Guests, including Robbie Savage and Rio Ferdinand, contributed from home.
Humphrey tweeted: “I’ve done some interesting TV in my time. However, producing a 90-minute football show this Saturday, with 5 guests, none of us leaving our homes and my only crew member standing outside a window… will take some beating.”
Last Sunday, 29 March, was also the first of a MotoGP series produced by North One, which mixed live from home presentations with archive re-runs of classics voted for live by the audience. Engagement has been high, according to Hindhaugh. “Live relevant programming is vital at this time to allow audiences to contribute to hot topics.”

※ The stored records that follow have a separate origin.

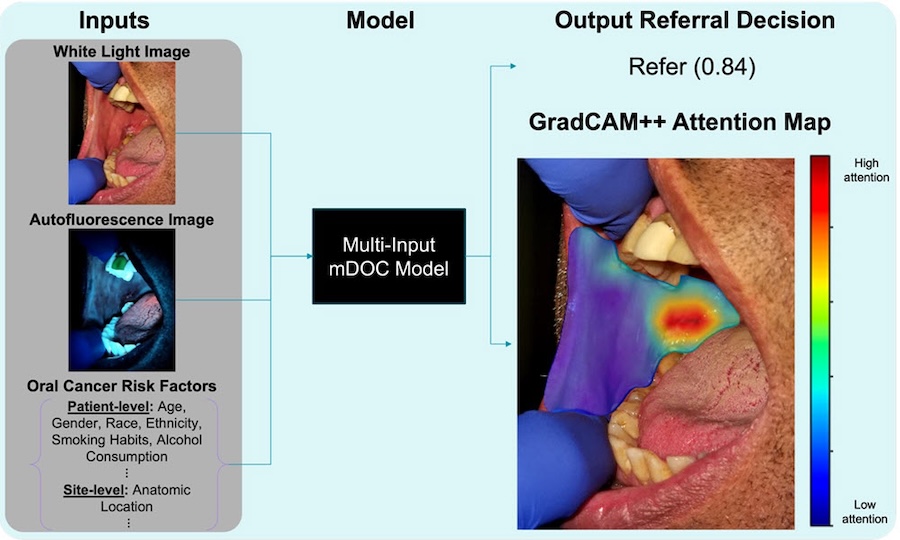 Analysis of an anatomic site using the mobile Detection of Oral Cancer (mDOC) model involves multiple inputs: images of clinically relevant regions are masked, cropped, resized for analysis, and passed through the mDOC system, along with oral cancer risk factors. The output referral decision is 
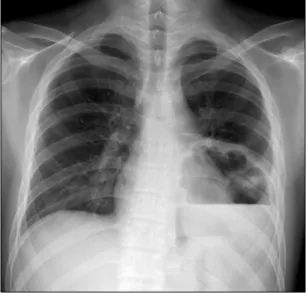 Fig. 1. Chest plain radiograph showing lung abscess.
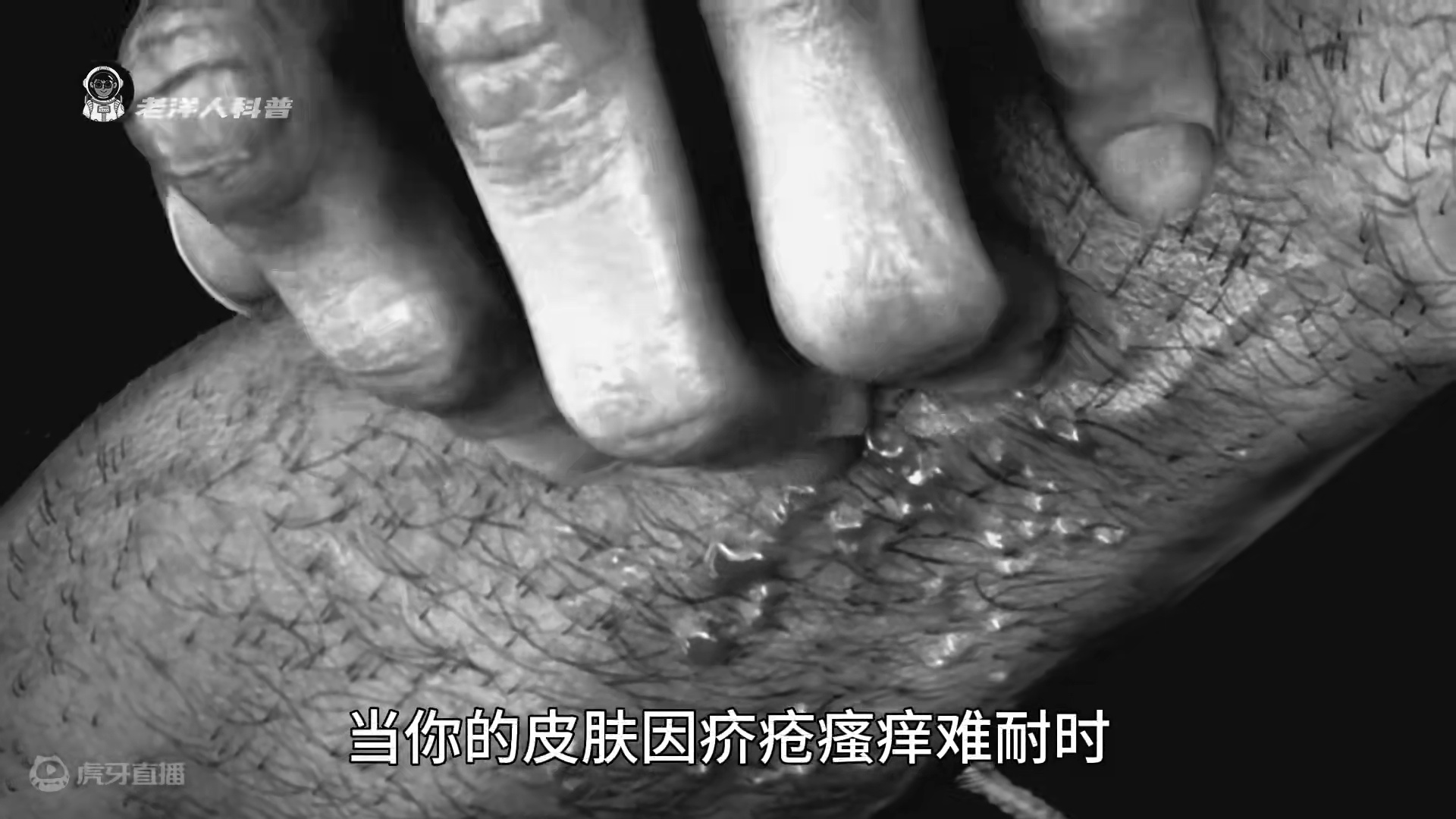 3. 皮肤上的小秘密，疥疮到底是如何形成的？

Two rugby union shows including Rugby Tonight Live, a Champions League highlights show with live punditry on last season’s games and comedy show The Football’s Not On with Ian Stone are all being produced with this virtual set up.
While BT Sport maintains a skeleton staff of just ten at its Stratford hub, the entire remote operation including IT support, is managed outside the building. Programme feeds are ingested back through Stratford for playout.

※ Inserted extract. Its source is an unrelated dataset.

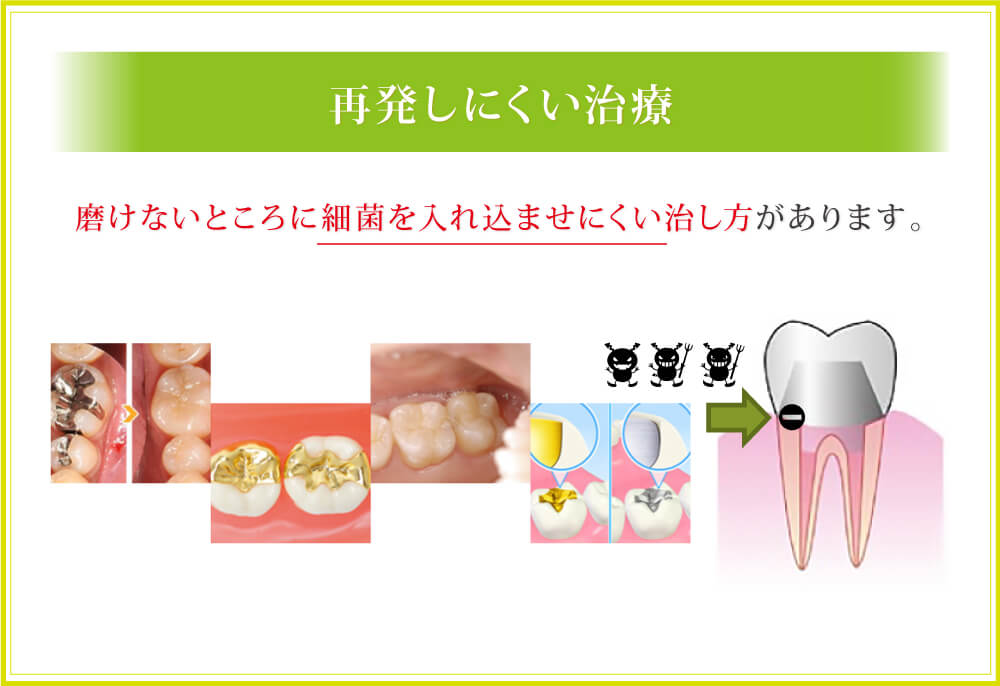 再発しにくい治療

“Our vision mixer has a monitor for all feeds at their home,” says Hindhaugh. “We’ve literally managed to take apart a gallery and relocate it in different locations. The biggest issue is around delay, which is dependent on how fast individual connections are.”
- Webinar Working remotely in a crisis (Weds 15 April)
He says he will be determined to change how BT Sport works moving forward. “This workflow means you can have a more inclusive workforce, employing people who could normally not get to Stratford.
“We are creating a new format that goes alongside our continued development of 8K, Dolby Atmos for mobile and Object Based Broadcasting,” he adds. “We’ll now be able to go back with these learnings and drive more audience engagement.”
Live entertainment takes to the sofa
ITV aired Ant & Dec’s Saturday Night Takeaway live without a studio audience on 21 March and pre-recorded the last in the series after cancelling the planned finale from Disney World. The duo instead showed highlights from the series via links from their sofas at home.
In the US, late night chat and comedy shows including those fronted by Ellen Degeneres, Stephen Colbert, Jimmy Fallon, Seth Meyers, Trevor Noah and John Oliver are no longer filming with an audience.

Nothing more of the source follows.